Your task: What is needed is an exact copy of the whole listing below, with no pictures.
======== Recorded information
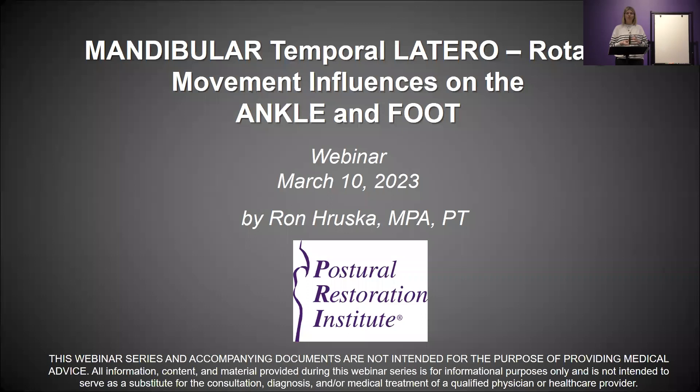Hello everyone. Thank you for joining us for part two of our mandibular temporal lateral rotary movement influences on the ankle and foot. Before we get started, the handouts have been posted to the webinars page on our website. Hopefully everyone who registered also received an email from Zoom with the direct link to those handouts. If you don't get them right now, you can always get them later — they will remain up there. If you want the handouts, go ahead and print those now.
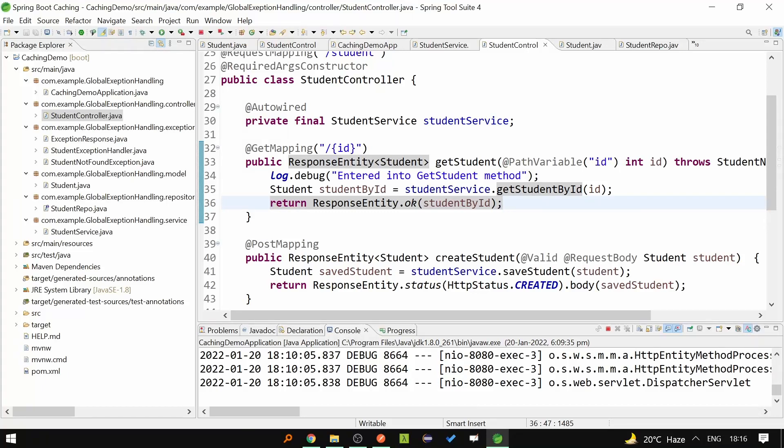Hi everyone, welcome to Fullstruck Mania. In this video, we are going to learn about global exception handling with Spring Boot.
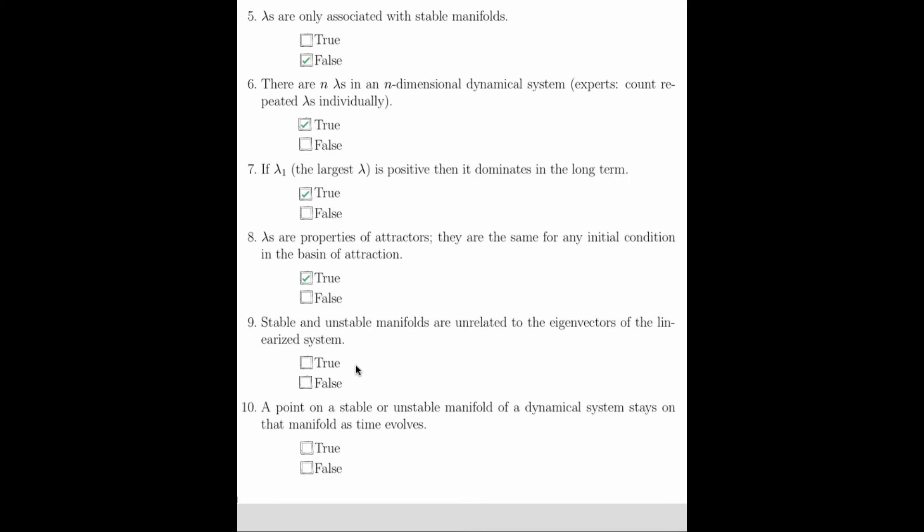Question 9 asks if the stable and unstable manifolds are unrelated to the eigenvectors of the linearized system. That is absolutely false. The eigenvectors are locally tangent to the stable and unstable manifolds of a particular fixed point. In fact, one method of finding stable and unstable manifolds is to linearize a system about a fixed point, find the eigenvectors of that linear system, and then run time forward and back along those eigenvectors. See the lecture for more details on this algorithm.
================
Written response:
Hello everyone. Thank you for joining us for part two of our mandibular temporal lateral rotary movement influences on the ankle and foot. Before we get started, the handouts have been posted to the webinars page on our website. Hopefully everyone who registered also received an email from Zoom with the direct link to those handouts. If you don't get them right now, you can always get them later — they will remain up there. If you want the handouts, go ahead and print those now.
Hi everyone, welcome to Fullstruck Mania. In this video, we are going to learn about global exception handling with Spring Boot.
Question 9 asks if the stable and unstable manifolds are unrelated to the eigenvectors of the linearized system. That is absolutely false. The eigenvectors are locally tangent to the stable and unstable manifolds of a particular fixed point. In fact, one method of finding stable and unstable manifolds is to linearize a system about a fixed point, find the eigenvectors of that linear system, and then run time forward and back along those eigenvectors. See the lecture for more details on this algorithm.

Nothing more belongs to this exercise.